Die woxx hat eine Stellungnahme des Escher Kulturschöffen Pim Knaff (DP) angefragt, die aber bis Redaktionsschluss leider unbeantwortet blieb. Richtung22 hat bereits angedeutet, das Gebäude nicht kampflos verlassen zu wollen. Möglicherweise steht Esch also ein weiteres Mal eine Besetzung – wie bis 1996 die des Schlachthofs – ins Haus.

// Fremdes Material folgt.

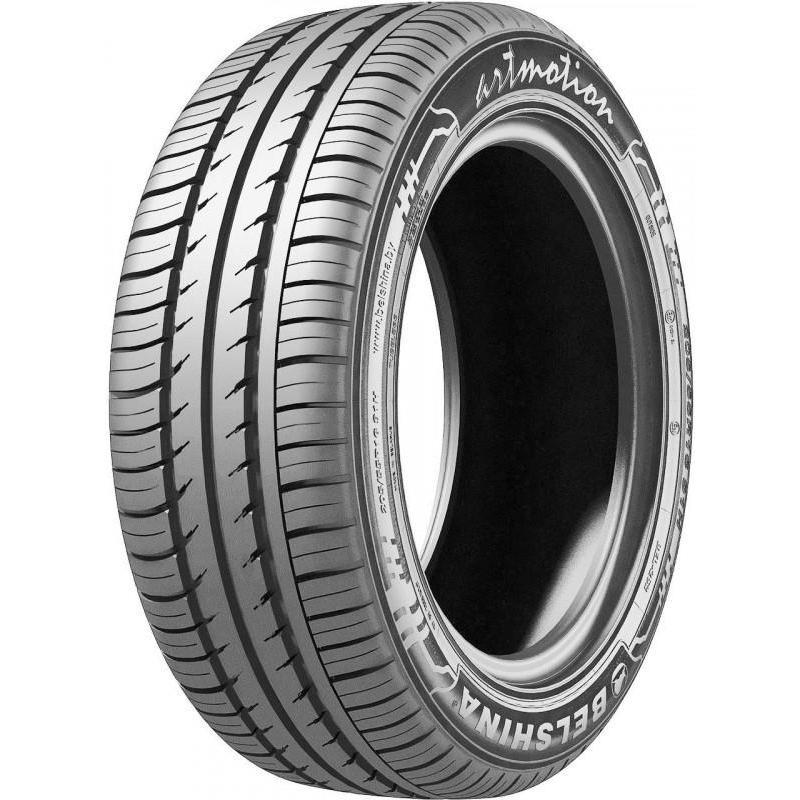 

Шины Белшина Бел-282 205/60 R16 92H комплект 4 шт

Update, 25.04.2024 16h45: Nach Redaktionsschluss der Printausgabe erreichte uns eine Pressemitteilung von FrEsch. Darin betonte der Verein, Richtung 22 sei nicht „rausgeworfen“ worden, sondern der Vertrag sei lediglich nicht verlängert worden. Diese Entscheidung sei nach einer im März 2024 durchgeführten „Analyse“ entschieden worden. Die Kriterien hierfür seien Frequenz und Benutzung der Räumlichkeiten, Beiträge zum Beitrag zum Leben des „tiers-lieu culturel“, Teilnahme am kulturellen Leben von Esch, Teilnahme an der Veränderung des Stadtbildes, Respekt der Sicherheit, Sauberkeit und Aufräumen der Küche sowie der Gemeinschaftsräume nach deren Nutzung. FrEsch betont auch, die Entscheidungen über die (Nicht-)Verlängerung der Nutzungsverträge mit den einzelnen Akteur*innen des Bâtiment 4 sei einstimmig im Verwaltungsrat getätigt worden. Laut Informationen, die der woxx vorliegen, waren drei Mitglieder abwesend, wovon sich eins mittels Vollmacht vertreten ließ.